- Task brief -
Your copy must hold every line of the records word for word. It must hold no pictures.

[Source records]

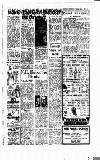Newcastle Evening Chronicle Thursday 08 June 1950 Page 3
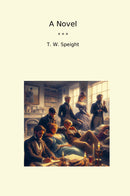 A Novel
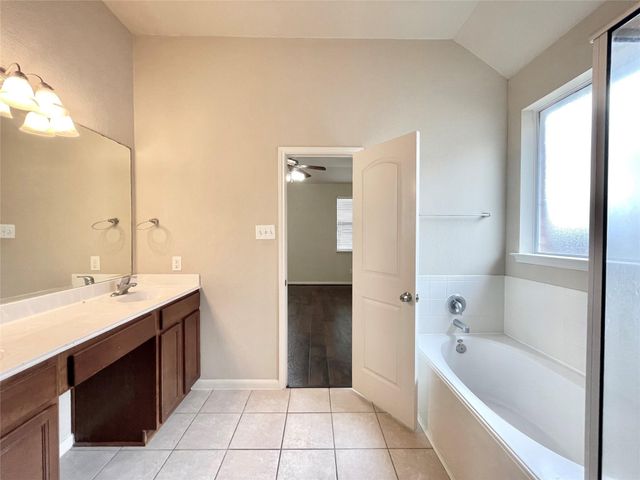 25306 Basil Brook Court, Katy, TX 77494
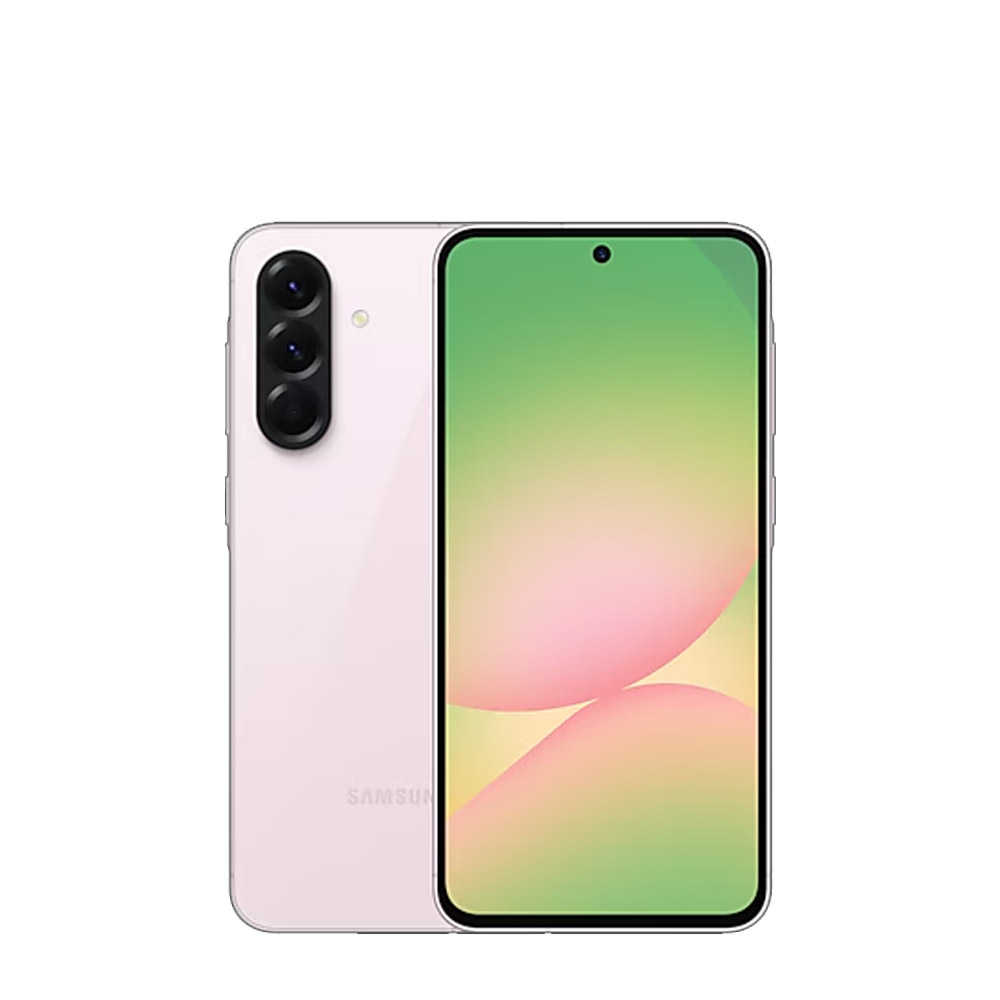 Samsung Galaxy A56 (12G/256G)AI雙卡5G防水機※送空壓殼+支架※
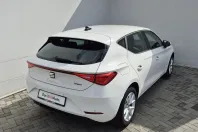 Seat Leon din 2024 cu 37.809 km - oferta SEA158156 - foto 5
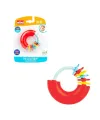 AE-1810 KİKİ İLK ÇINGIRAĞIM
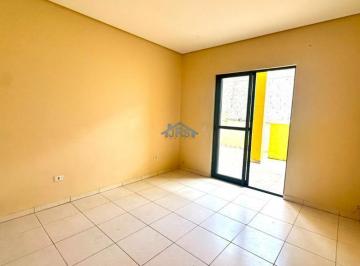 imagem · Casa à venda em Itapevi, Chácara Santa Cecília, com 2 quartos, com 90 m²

[/Source records]

- Written response -
Newcastle Evening Chronicle Thursday 08 June 1950 Page 3
 A Novel
 25306 Basil Brook Court, Katy, TX 77494
 Samsung Galaxy A56 (12G/256G)AI雙卡5G防水機※送空壓殼+支架※
 Seat Leon din 2024 cu 37.809 km - oferta SEA158156 - foto 5
 AE-1810 KİKİ İLK ÇINGIRAĞIM
 imagem · Casa à venda em Itapevi, Chácara Santa Cecília, com 2 quartos, com 90 m²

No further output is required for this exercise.